TASK REQUIREMENTS: What is needed is an exact copy of the lines in the entries below from the one holding "2-к кв. Волгоградская" through the one holding "2013-2015 Gmc Terrain", pictures excluded.

■ ■ ■ ■ ■

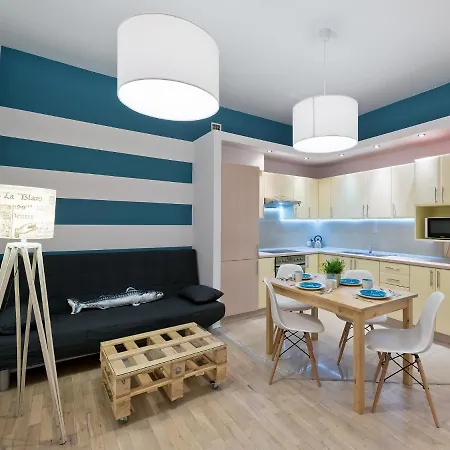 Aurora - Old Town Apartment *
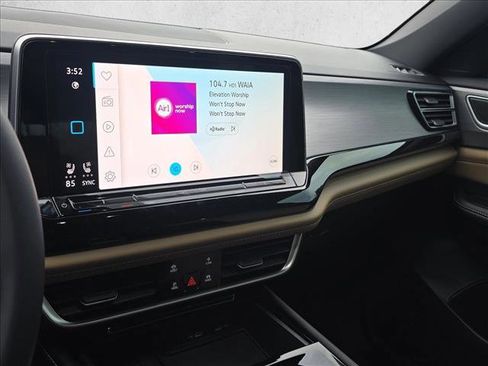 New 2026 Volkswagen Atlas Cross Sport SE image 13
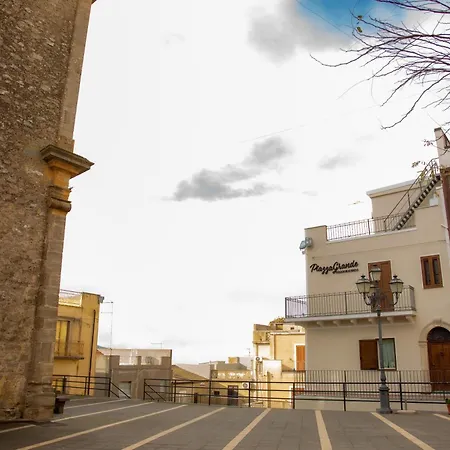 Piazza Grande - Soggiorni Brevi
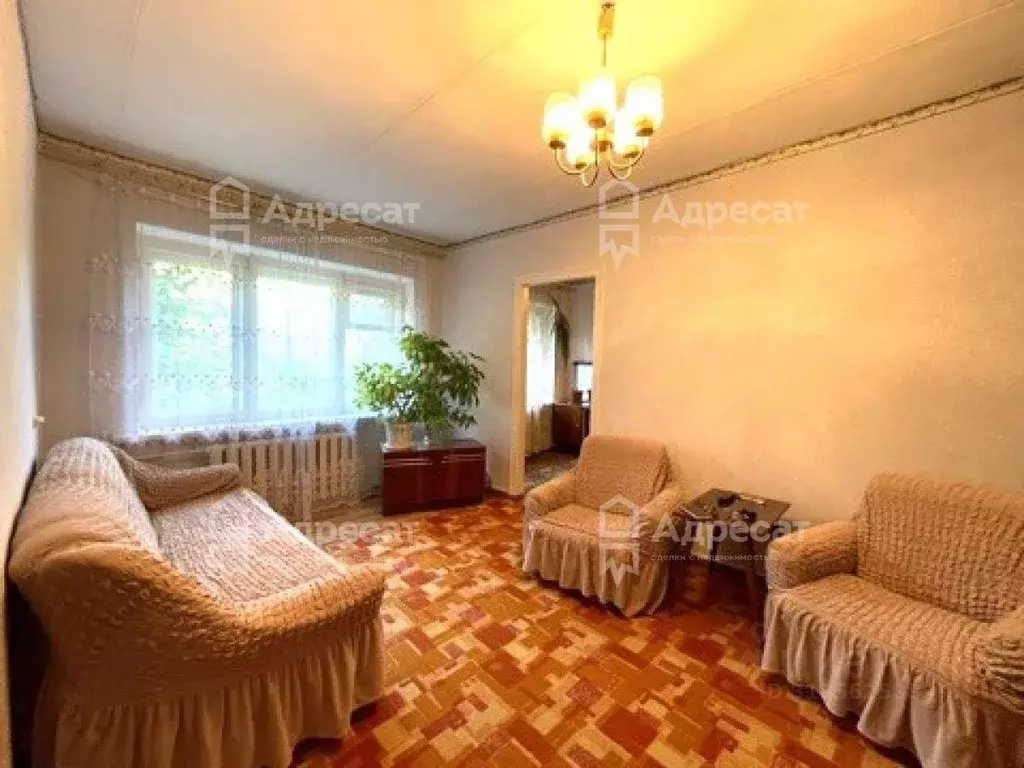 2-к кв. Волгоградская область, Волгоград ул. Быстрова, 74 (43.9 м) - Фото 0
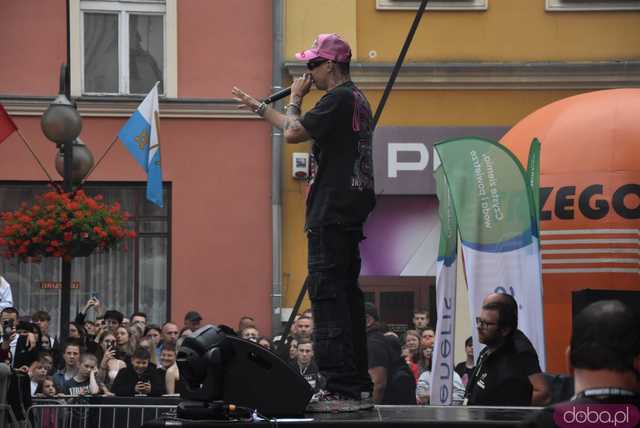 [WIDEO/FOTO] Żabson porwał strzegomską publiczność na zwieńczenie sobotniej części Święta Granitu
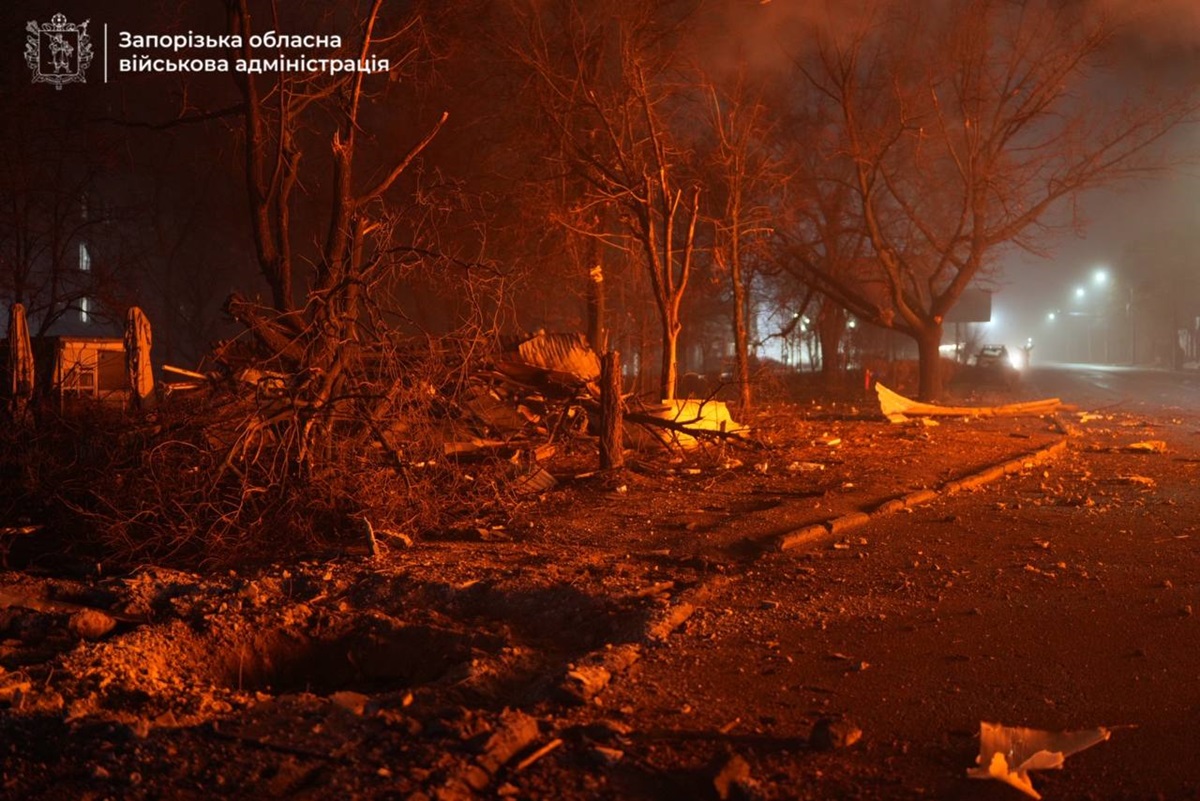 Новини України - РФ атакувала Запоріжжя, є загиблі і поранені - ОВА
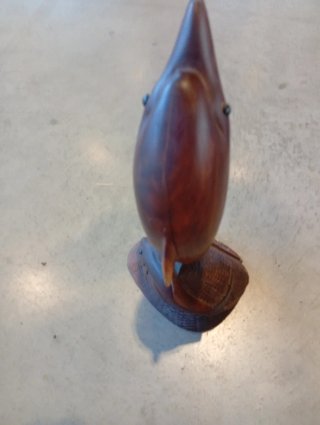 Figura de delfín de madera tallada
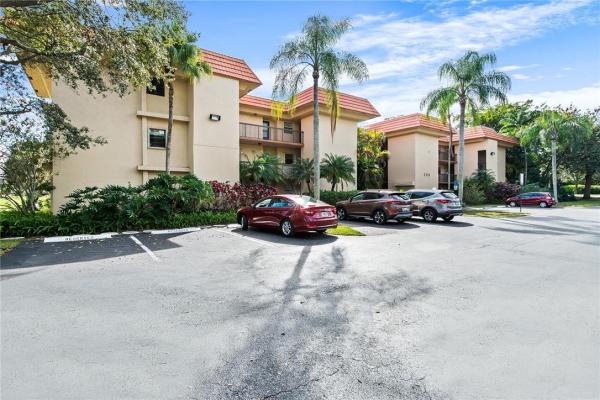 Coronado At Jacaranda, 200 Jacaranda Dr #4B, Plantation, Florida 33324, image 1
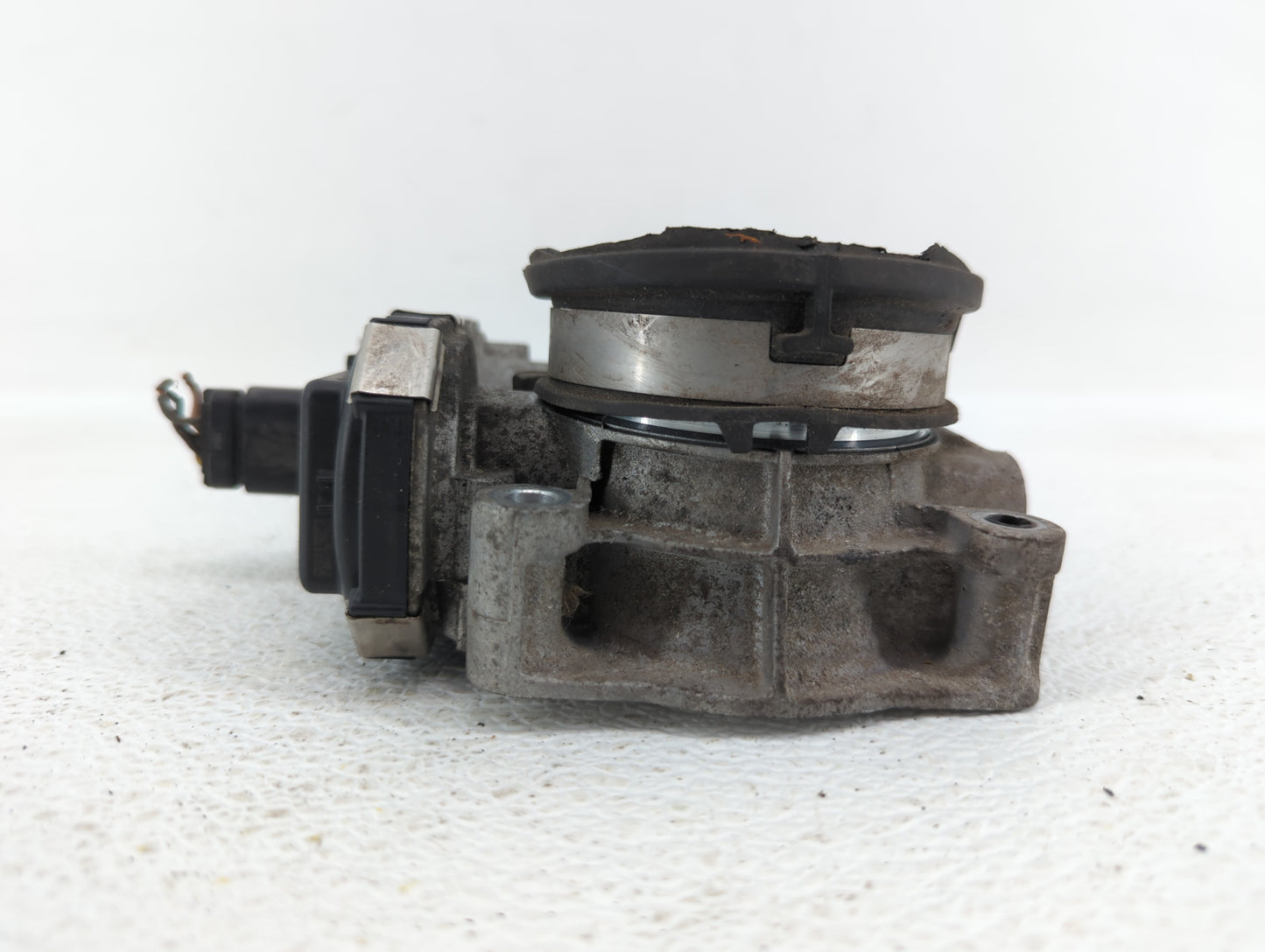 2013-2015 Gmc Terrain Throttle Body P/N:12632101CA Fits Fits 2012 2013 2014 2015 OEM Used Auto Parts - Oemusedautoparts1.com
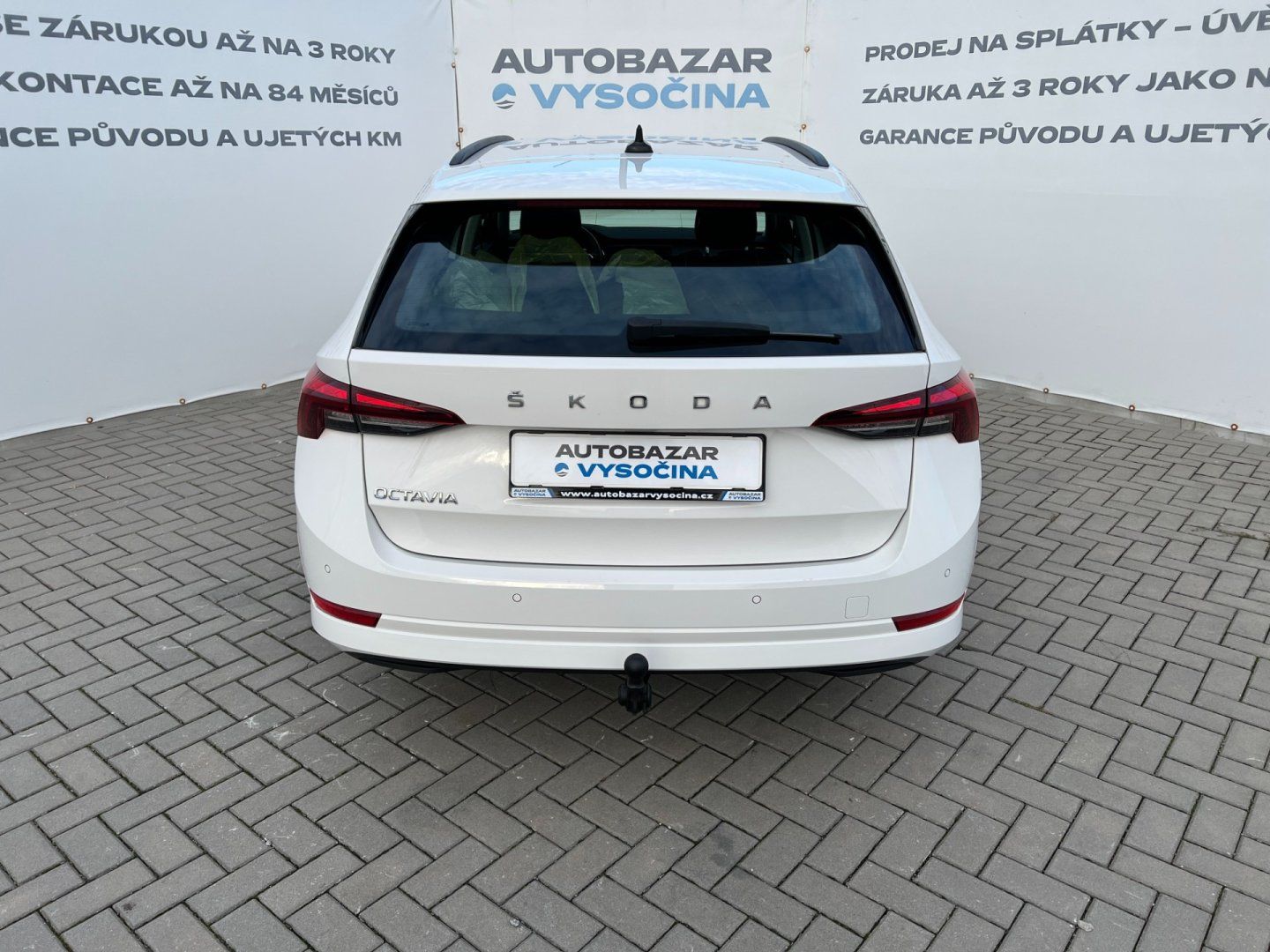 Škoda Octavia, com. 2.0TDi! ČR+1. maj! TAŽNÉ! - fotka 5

■ ■ ■ ■ ■

SOLUTION TO THIS PROBLEM:
 2-к кв. Волгоградская область, Волгоград ул. Быстрова, 74 (43.9 м) - Фото 0
 [WIDEO/FOTO] Żabson porwał strzegomską publiczność na zwieńczenie sobotniej części Święta Granitu
 Новини України - РФ атакувала Запоріжжя, є загиблі і поранені - ОВА
 Figura de delfín de madera tallada
 Coronado At Jacaranda, 200 Jacaranda Dr #4B, Plantation, Florida 33324, image 1
 2013-2015 Gmc Terrain Throttle Body P/N:12632101CA Fits Fits 2012 2013 2014 2015 OEM Used Auto Parts - Oemusedautoparts1.com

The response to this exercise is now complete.